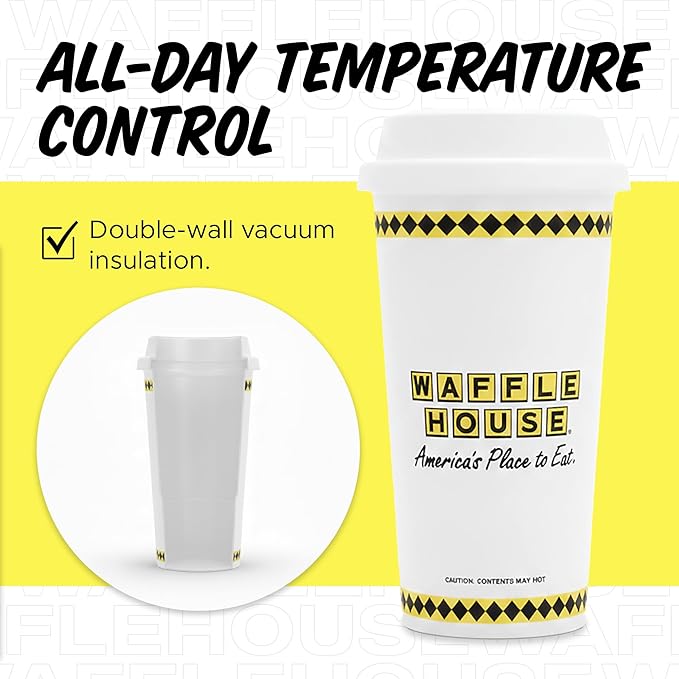 Waffle House Tumbler – 20oz Travel Coffee Tumbler with Spill-Resistant Lid, Double Wall Insulated Mug for Hot or Cold Drinks, Official Merch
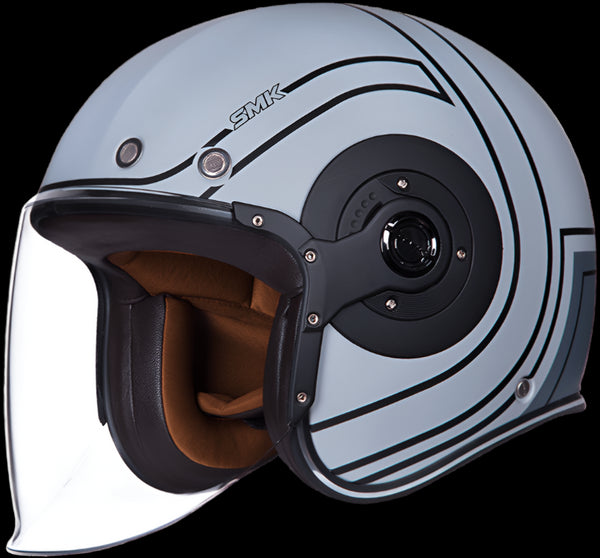 SMK Retro Jet Carretera Helmet - MA662 Grey Matt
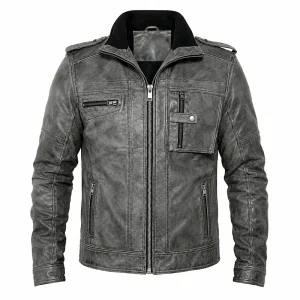 Mens Gray Military Distressed Leather Jacket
•••••
Now write out the data word for word, skipping every picture in it.

## Response to the exercise
 Waffle House Tumbler – 20oz Travel Coffee Tumbler with Spill-Resistant Lid, Double Wall Insulated Mug for Hot or Cold Drinks, Official Merch
 SMK Retro Jet Carretera Helmet - MA662 Grey Matt
 Mens Gray Military Distressed Leather Jacket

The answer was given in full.